This operator scans JDBC database table in parallel fashion. This operator is added to address common input operator problems like,
As discussed in Development Best Practices, the operator callbacks such as beginWindow()
, endWindow()
, emitTuples()
, etc. (which are invoked by the main operator thread) are required to return quickly, well within the default streaming window duration of 500ms. This requirement can be an issue when retrieving data from slow external systems such as databases or object stores: if the call takes too long, the platform will deem the operator blocked and restart it. Restarting will often run into the same issue causing an unbroken sequence of restarts.
When a large volume of data is available from a single store that allows reading from arbitrary locations (such as a file or a database table), reading the data sequentially can be throughput limiting: Having multiple readers read from non-overlapping sections of the store allows any downstream parallelism in the DAG to be exploited better to enhance throughput. For files, this approach is used by the file splitter and block reader operators in the Malhar library.

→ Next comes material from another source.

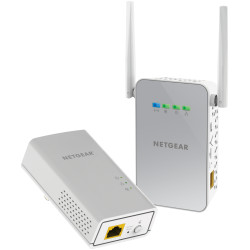 Netgear 1PT GIGABIT PWLINE AV2 AC650 BNDL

JDBC Poller Input operator addresses the first issue with an asynchronous worker thread which retrieves the data and adds it to an in-memory queue; the main operator thread dequeue tuples very quickly if data is available or simply returns if not. The second is addressed in a way that parallels the approach to files by having multiple partitions read records from non-overlapping areas of the table. Additional details of how this is done are described below.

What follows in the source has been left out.